Kanker serviks, karsinoma serviks uterus, atau kanker laher rahim adalah penyakit tumor ganas pada mulut rahim yang diakibatkan oleh pertumbuhan jaringan yang tidak terkontrol dan dapat menyebabkan kematian. Klasifikasi terbaru untuk kanker serviks menggunakan nama Neoplasia Intraepitel Serviks (NIS). Klasifikasinya dimulai dari NIS 1 (displasia ringan), NIS 2 (displasia sedang), NIS 3 (displasia berat), dan akhirnya karsinoma in-situ (KIS), baru kelainan tersebut berkembang menjadi karsinoma invasif. Tingkat NIS dan karsinoma in-situ disebut kelainan pra-kanker. Waktu yang diperlukan dari displasia menjadi karsinoma in situ bekisar 1-7 tahun, sedangkan dari karsinoma in situ menjadi kelainan invasif berkisar 3-20 tahun.

2. Pengertian dan Klasifikasi Kanker Payudara
Kanker payudara adalah tumor ganas yang tumbuh di dalam jaringan payudara. Kanker yang bisa mulai tumbuh di dalam kelenjar susu, saluran susu, jaringan lemak maupun jaringan ikat pada payudara. Ini adalah jenis kanker paling umum yang diderita oleh kaum wanita. Kanker payudara merupakan jenis kanker nomor dua terbanyak pada wanita Indonesia. Kaum pria juga dapat terserang kanker payudara, walaupun kemungkinannya lebih kecil dari 1 di antara 1000. Selain itu, kanker payudara (Carcinoma mammae) didefinisikan sebagai suatu penyakit neoplasma yang ganas yang berasal dari parenchyma. Penyakit ini oleh WHO dimasukkan ke dalam International Classification of Diseases (ICD).

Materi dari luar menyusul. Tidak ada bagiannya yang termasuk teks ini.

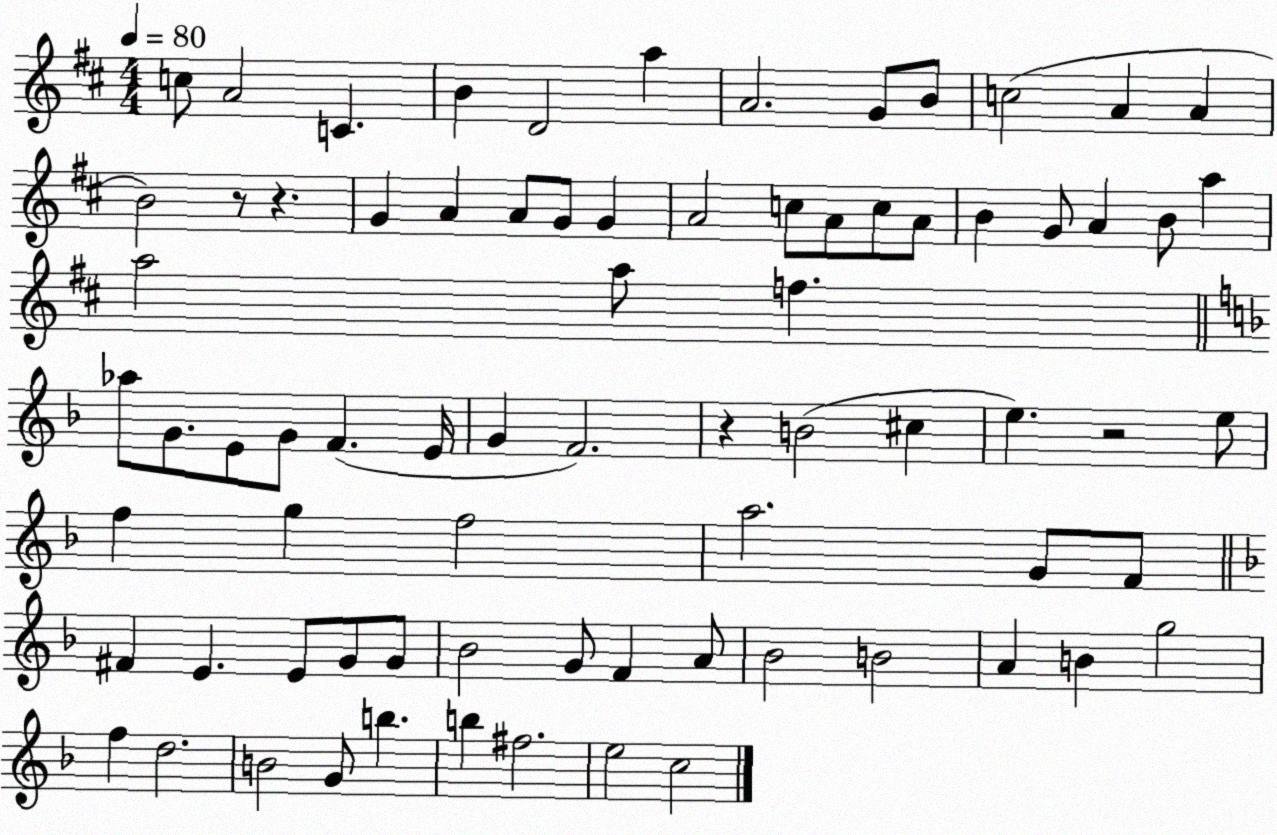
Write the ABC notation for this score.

X:1
T:Untitled
M:4/4
L:1/4
K:D
c/2 A2 C B D2 a A2 G/2 B/2 c2 A A B2 z/2 z G A A/2 G/2 G A2 c/2 A/2 c/2 A/2 B G/2 A B/2 a a2 a/2 f _a/2 G/2 E/2 G/2 F E/4 G F2 z B2 ^c e z2 e/2 f g f2 a2 G/2 F/2 ^F E E/2 G/2 G/2 _B2 G/2 F A/2 _B2 B2 A B g2 f d2 B2 G/2 b b ^f2 e2 c2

3. Tanda dan Gejala Kanker Serviks
1. Keputihan, makin lama makin berbau busuk.
2. Perdarahan setelah senggama yang kemudian berlanjut menjadi perdarahan yang abnormal, terjadi secara spontan walaupun tidak melakukan hubungan seksual.

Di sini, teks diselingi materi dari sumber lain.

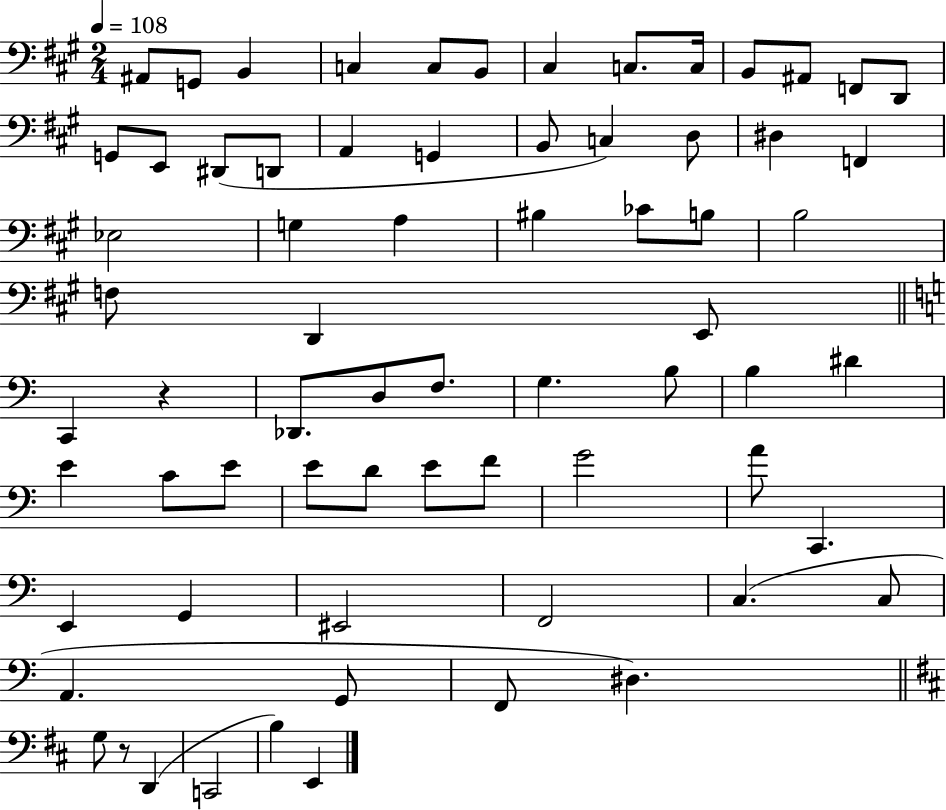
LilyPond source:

3. Sakit waktu hubungan seks.
4. Berat badan yang terus menurun.
5. Pada fase invasif dapat keluar cairan berwarna kekuning-kuningan, berbau dan dapat bercampur dengan darah.
6. Anemia (kurang darah) karena perdarahan yang sering timbul
7. Terjadi perdarahan pervagina meskipun telah memasuki masa menoupose.
8. Timbul nyeri panggul (pelvis) atau di perut bagian bawah bila ada radang panggul. Apabila nyeri terjadi di daerah pinggang ke bawah, kemungkinan terjadi hidronefrosis. Selain itu, nyeri dapat timbul di tempat-tempat lain.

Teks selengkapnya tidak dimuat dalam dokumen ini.